● **Work instructions**: Which lines below fall between the one containing "British Columbia ..." and the one containing "Burt's Bees Moisturizing"? Repeat them exactly, counting both of those lines, and add nothing else.

● **Stored data**:
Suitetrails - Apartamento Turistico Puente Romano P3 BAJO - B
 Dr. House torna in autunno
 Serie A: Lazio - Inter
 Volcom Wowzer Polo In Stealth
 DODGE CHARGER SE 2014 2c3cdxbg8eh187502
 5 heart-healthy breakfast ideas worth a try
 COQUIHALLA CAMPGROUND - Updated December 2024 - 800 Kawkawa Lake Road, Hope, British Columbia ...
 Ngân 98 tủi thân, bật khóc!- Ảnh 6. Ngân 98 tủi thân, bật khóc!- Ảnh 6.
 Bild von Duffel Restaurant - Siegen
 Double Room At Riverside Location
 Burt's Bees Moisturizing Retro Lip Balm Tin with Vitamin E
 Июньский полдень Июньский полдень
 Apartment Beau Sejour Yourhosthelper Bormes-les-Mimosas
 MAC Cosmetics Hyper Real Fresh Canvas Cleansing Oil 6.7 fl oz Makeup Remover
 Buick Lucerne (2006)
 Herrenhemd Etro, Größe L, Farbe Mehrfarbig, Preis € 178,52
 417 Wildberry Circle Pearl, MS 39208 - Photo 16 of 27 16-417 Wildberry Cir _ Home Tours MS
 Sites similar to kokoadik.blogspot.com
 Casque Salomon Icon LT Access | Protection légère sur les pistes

● **Result below**:
 COQUIHALLA CAMPGROUND - Updated December 2024 - 800 Kawkawa Lake Road, Hope, British Columbia ...
 Ngân 98 tủi thân, bật khóc!- Ảnh 6. Ngân 98 tủi thân, bật khóc!- Ảnh 6.
 Bild von Duffel Restaurant - Siegen
 Double Room At Riverside Location
 Burt's Bees Moisturizing Retro Lip Balm Tin with Vitamin E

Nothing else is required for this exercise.